As long as people are picking and choosing, pick and choose what you want. Personally the idea that the clones fought for the Republic and not invaded it as was established in the Timothy Zahn books is just plain stupid.


----------



## hailene

http://www.canonwars.com/weblog/2005/09/ecce-starlog.html

Scroll down a bit. An interviewer asks this:

"The Star Wars Universe is so large and diverse. Do you ever find yourself confused by the subsidiary material that's in the novels, comics and other offshoots?"

And then from Georgie himself:

"I don't read that stuff. I haven't read *any* of the novels. I don't know anything about that world. That's a DIFFERENT world than MY world."

Then he further adds, "[W]e decided that, like Star Trek, we would have *two* universes: My universe and then this other one. They try to make their universe as consistent with mine as possible, but obviously they get enthusiastic and want to go off in other directions."

Sounds pretty solid to me. Lucas has the real Star Wars universe and the EU is a totally different beast.


----------



## High_Seraph

write up another battle between a Jedi Knight and a Captain/Grey Knight


----------



## teh1337llama

hailene said:


> http://www.canonwars.com/weblog/2005/09/ecce-starlog.html
> 
> Scroll down a bit. An interviewer asks this:
> 
> "The Star Wars Universe is so large and diverse. Do you ever find yourself confused by the subsidiary material that's in the novels, comics and other offshoots?"
> 
> And then from Georgie himself:
> 
> "I don't read that stuff. I haven't read *any* of the novels. I don't know anything about that world. That's a DIFFERENT world than MY world."
> 
> Then he further adds, "[W]e decided that, like Star Trek, we would have *two* universes: My universe and then this other one. They try to make their universe as consistent with mine as possible, but obviously they get enthusiastic and want to go off in other directions."
> 
> Sounds pretty solid to me. Lucas has the real Star Wars universe and the EU is a totally different beast.

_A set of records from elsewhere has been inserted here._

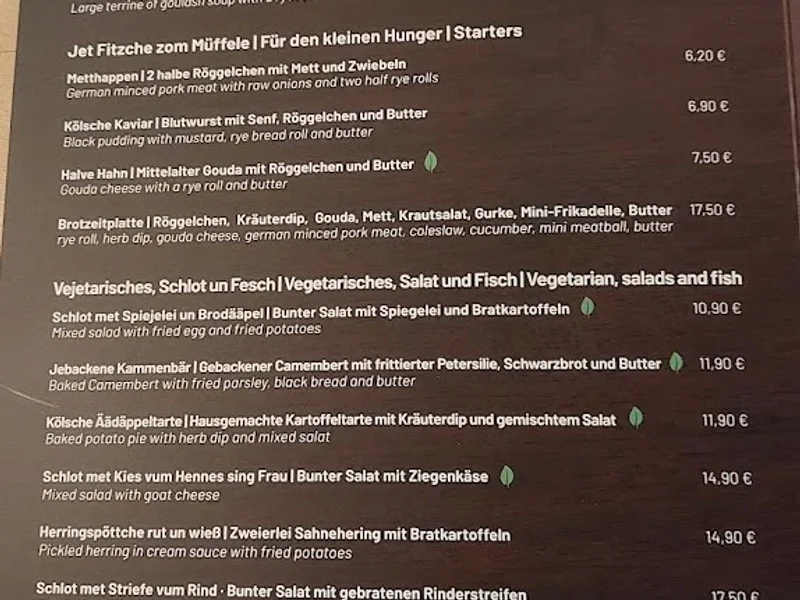 menu 2 of Brauhaus Em Kölsche Boor - Köln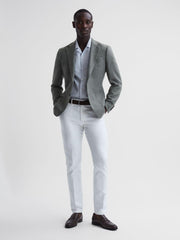 Reiss Shirts | Saka Cuban Collar Striped Short Sleeve Shirt Blue/white - Men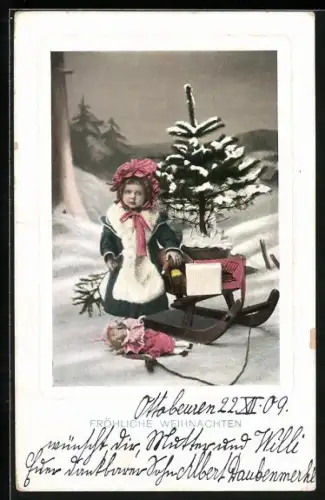 AK Mädchen mit Schlitten und Puppe im Winter, Weihnachtsgruss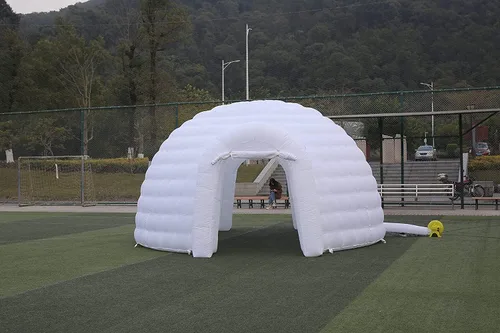 Vista 5 de Tienda de campaña inflable de 16.5 pies de diámetro con soplador de aire, tienda de campaña de cúpula para exteriores, club nocturno, fiesta, tienda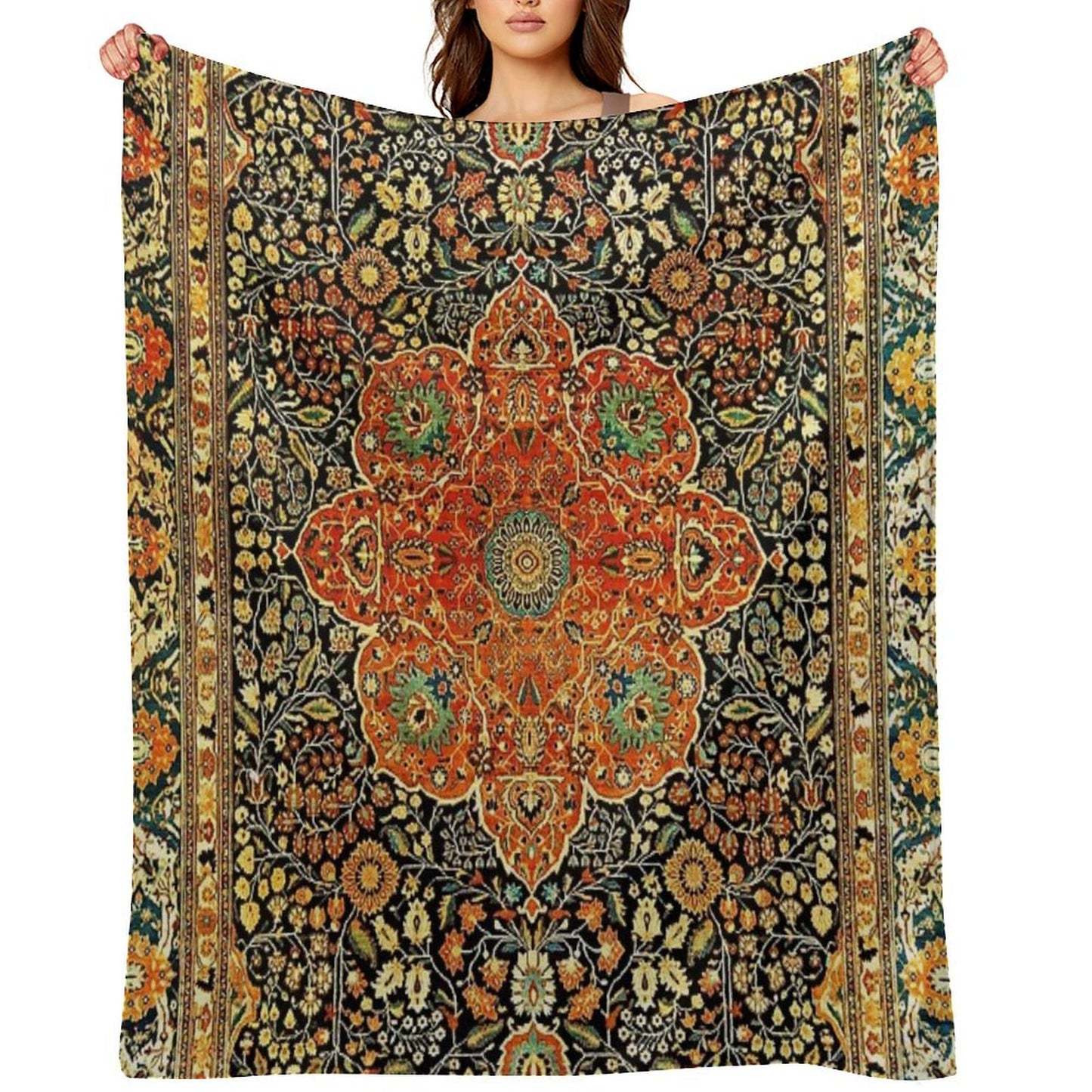 Antique Persian Mohtashem Kashan Rug Print Throw Blanket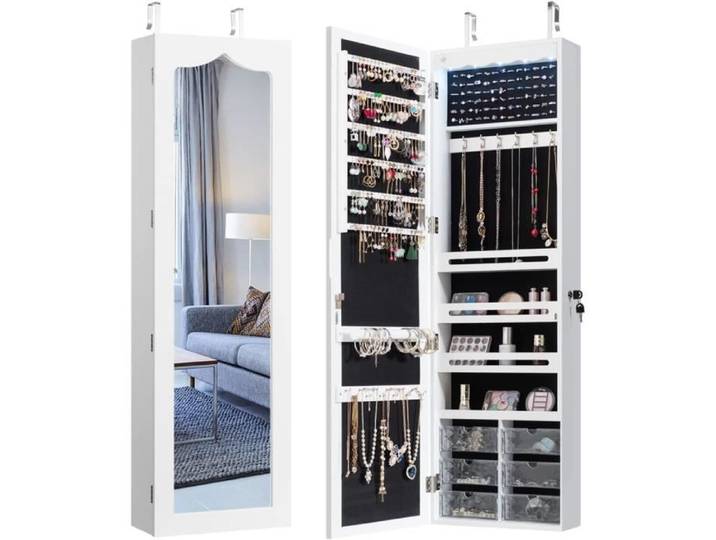 Armoire à Bijoux Murale avec Miroir - RELAX4LIFE - 5 Lumières Automatiques - 3 Hauteurs Réglables - 6 Tiroirs en Acrylique - Blanc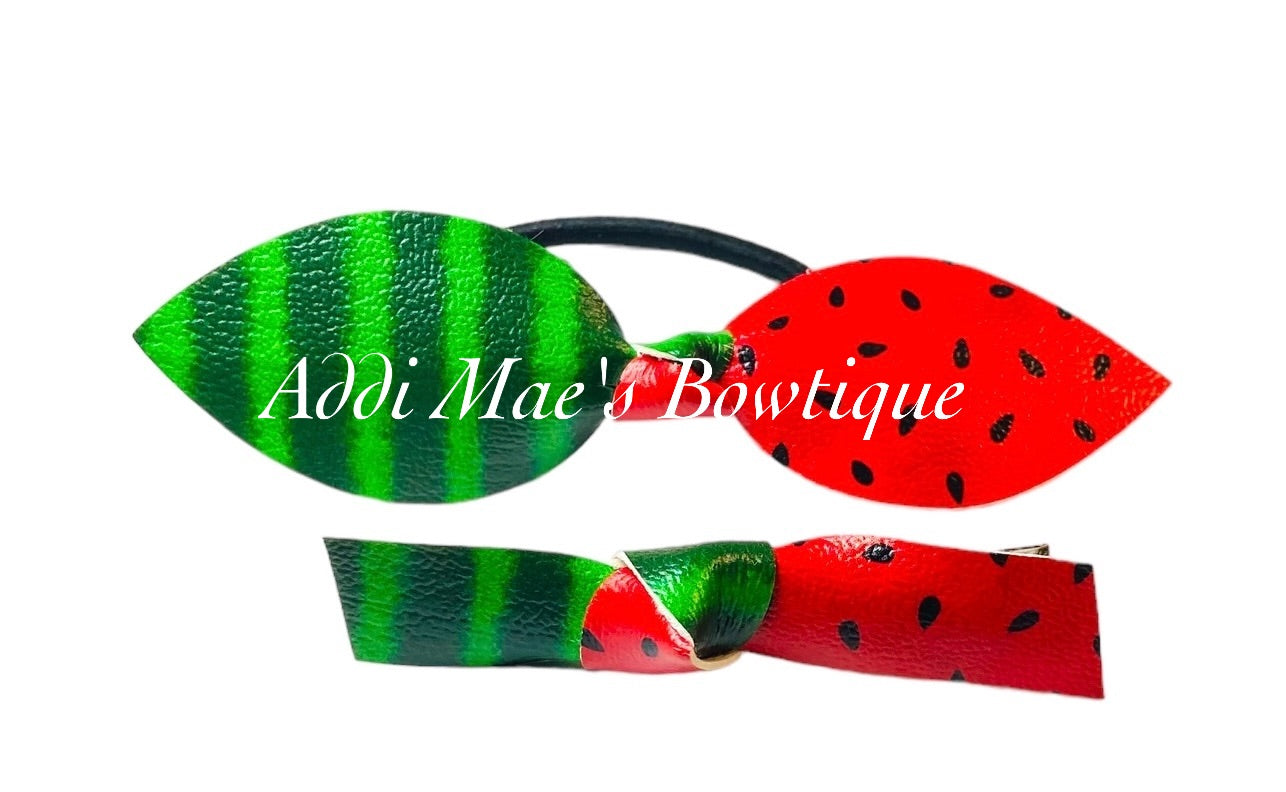 Watermelon Top Knot Pony, Knotted Clip Set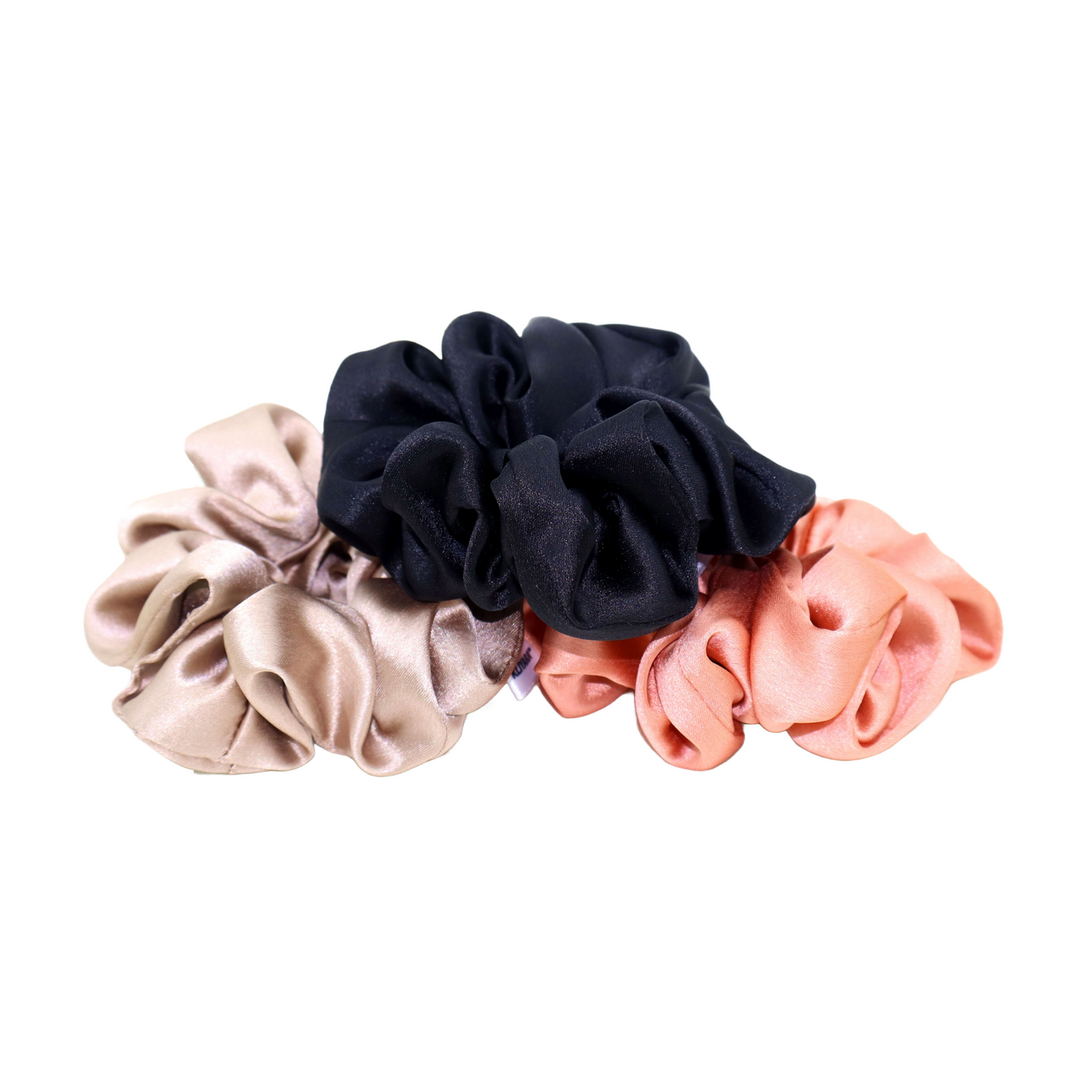 Luxury Satin Scrunchies- Black,Brown & Rose gold (Xl Size) - Set of 3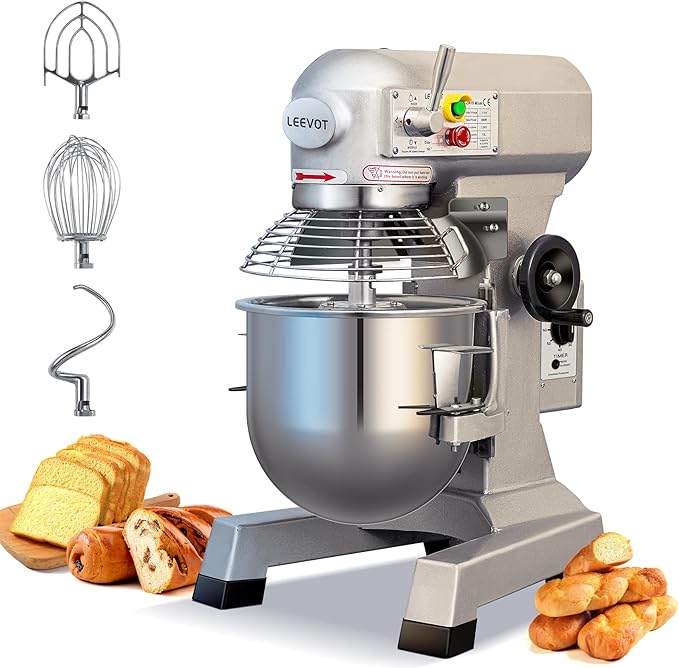 Commercial Food Mixer 15 Qt with Timing Function,600W Commercial mixers 3 Speed Adjustable,Electric Stand Commercial Dough Mixer with Stainless Steel Bowl for Bakery Pizzeria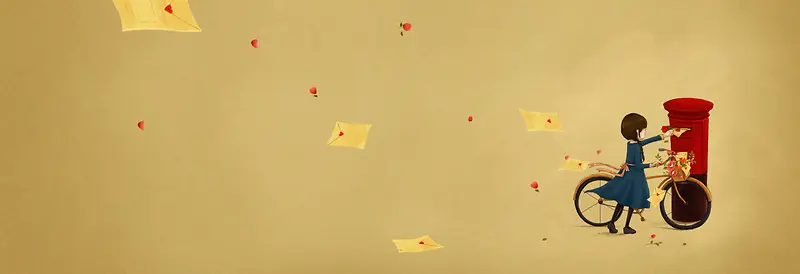 卡通信封背景banner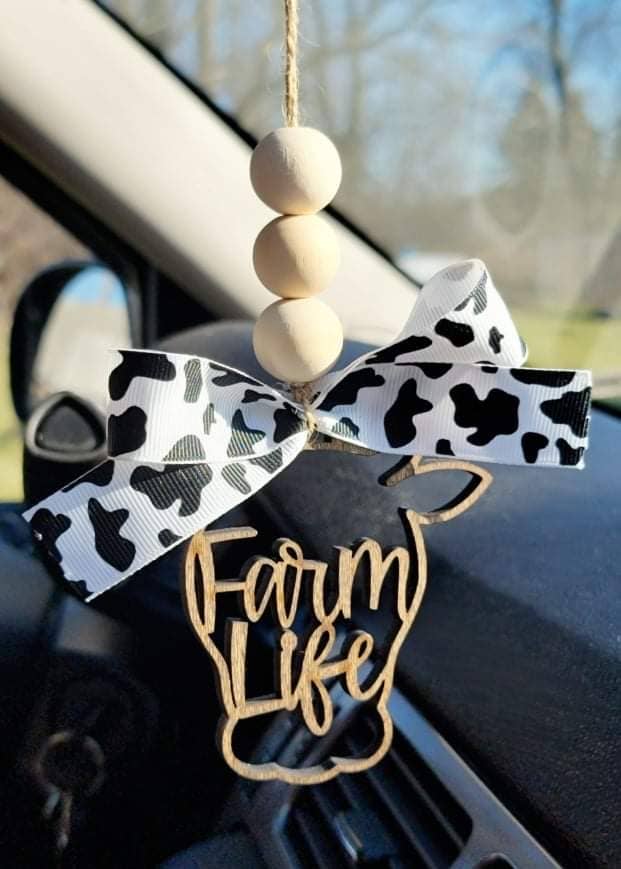 Cow Themed Car Charms Ornament Auto Jewelry Western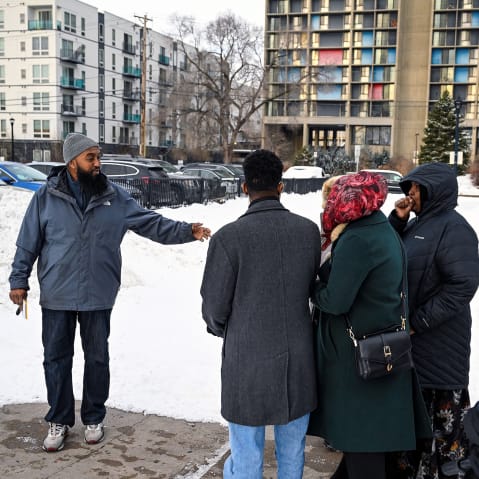 Minneapolis City Council member Jamal Osman (6th Ward) speaks to residents on Dec. 2, 2025, in Minneapolis.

"CHEE: 'GL is certainly not bound by the EU, though he's certainly open to using things created in it (Aayla Secura and the Coruscant name, for example). On the other hand, the quote you provide makes it sound like the EU is separate from George's vision of the Star Wars universe. It is not. The EU must follow certain tenets set by George through the films and other guidelines that he provides outside of the films.'"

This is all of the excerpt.